**WHAT TO PRODUCE:**
Write down the listing again exactly as it appears below, without its pictures.

**THE DATA:**
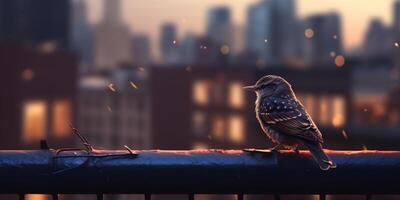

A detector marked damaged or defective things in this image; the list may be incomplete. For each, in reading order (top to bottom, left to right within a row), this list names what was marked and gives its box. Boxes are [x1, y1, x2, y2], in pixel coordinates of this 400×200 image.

rusty metal bar [0, 149, 400, 195]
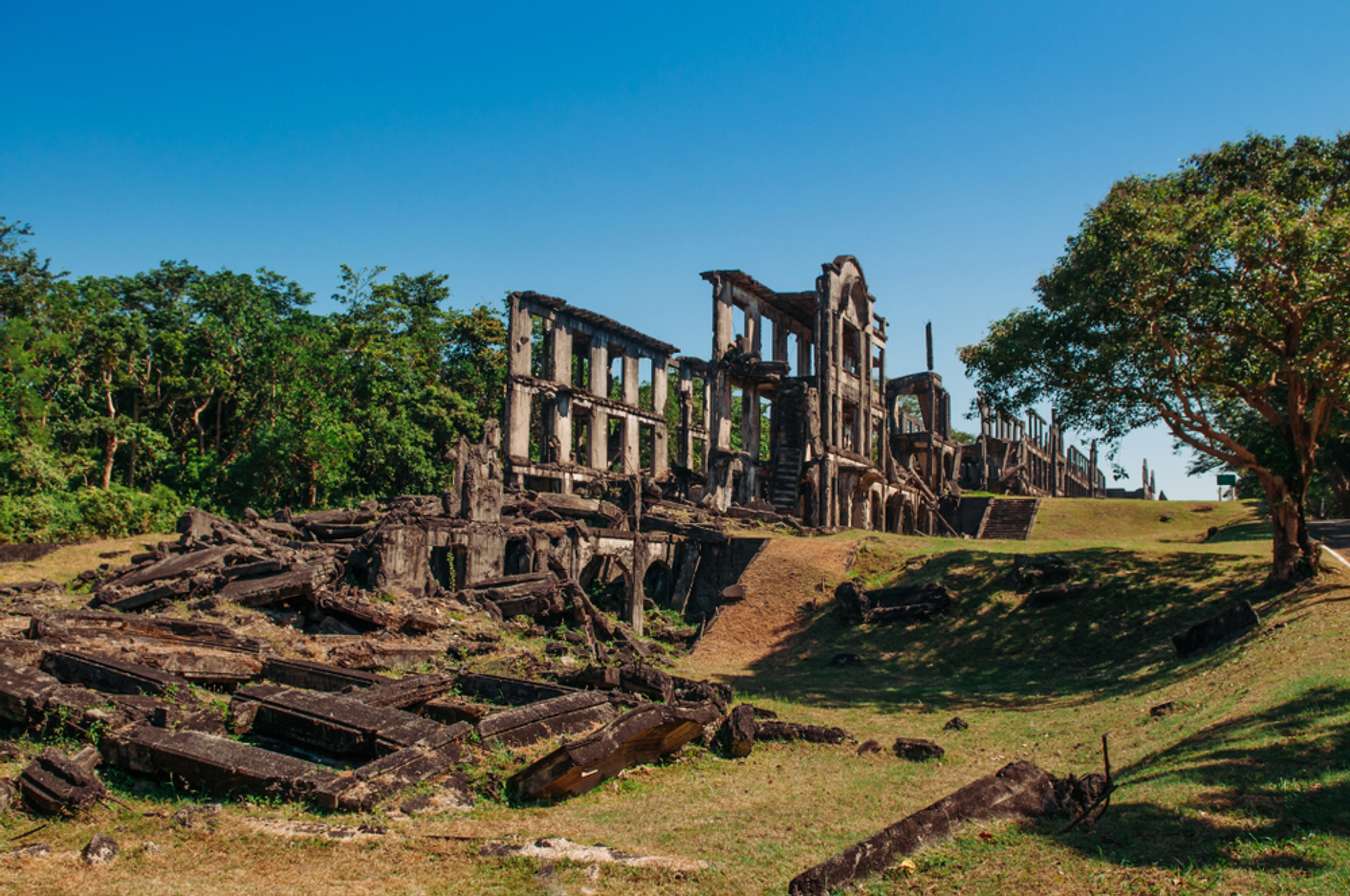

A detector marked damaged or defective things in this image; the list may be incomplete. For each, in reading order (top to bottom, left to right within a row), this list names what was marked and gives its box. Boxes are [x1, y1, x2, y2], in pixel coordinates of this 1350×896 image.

broken concrete beam [1177, 601, 1258, 658]
broken concrete beam [0, 661, 60, 723]
broken concrete beam [17, 744, 104, 815]
broken concrete beam [39, 650, 187, 701]
broken concrete beam [100, 723, 337, 798]
broken concrete beam [261, 658, 391, 690]
broken concrete beam [234, 685, 456, 755]
broken concrete beam [310, 734, 469, 815]
broken concrete beam [353, 674, 459, 712]
broken concrete beam [456, 672, 577, 707]
broken concrete beam [477, 688, 618, 744]
broken concrete beam [507, 701, 723, 798]
broken concrete beam [718, 701, 761, 761]
broken concrete beam [756, 717, 847, 744]
broken concrete beam [891, 739, 945, 761]
broken concrete beam [788, 761, 1063, 895]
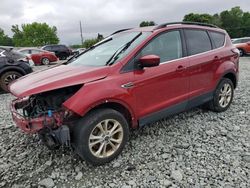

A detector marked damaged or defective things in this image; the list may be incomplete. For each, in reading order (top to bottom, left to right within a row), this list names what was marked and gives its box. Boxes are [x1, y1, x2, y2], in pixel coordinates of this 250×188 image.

crumpled hood [9, 64, 109, 97]
damaged front bumper [11, 97, 64, 134]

**SOLUTION FOR THIS EXERCISE:**
A detector marked damaged or defective things in this image; the list may be incomplete. For each, in reading order (top to bottom, left to right within a row), this list names what was marked and gives its box. Boxes are [x1, y1, x2, y2], in pixel coordinates of this 400×200 image.

rusty metal bar [0, 149, 400, 195]

A detector marked damaged or defective things in this image; the list may be incomplete. For each, in reading order (top to bottom, left to right within a row), this list names what was marked and gives its box. Boxes are [x1, y1, x2, y2], in pixel coordinates of this 1350×896 image.

broken concrete beam [1177, 601, 1258, 658]
broken concrete beam [0, 661, 60, 723]
broken concrete beam [17, 744, 104, 815]
broken concrete beam [39, 650, 187, 701]
broken concrete beam [100, 723, 337, 798]
broken concrete beam [261, 658, 391, 690]
broken concrete beam [234, 685, 456, 755]
broken concrete beam [310, 734, 469, 815]
broken concrete beam [353, 674, 459, 712]
broken concrete beam [456, 672, 577, 707]
broken concrete beam [477, 688, 618, 744]
broken concrete beam [507, 701, 723, 798]
broken concrete beam [718, 701, 761, 761]
broken concrete beam [756, 717, 847, 744]
broken concrete beam [891, 739, 945, 761]
broken concrete beam [788, 761, 1063, 895]

A detector marked damaged or defective things in this image; the list may be incomplete. For each, in reading order (top to bottom, left to right within a row), this list names what was marked and gives its box. Boxes are [x1, y1, x2, y2], in pixel coordinates of this 250×188 image.

crumpled hood [9, 64, 109, 97]
damaged front bumper [11, 97, 64, 134]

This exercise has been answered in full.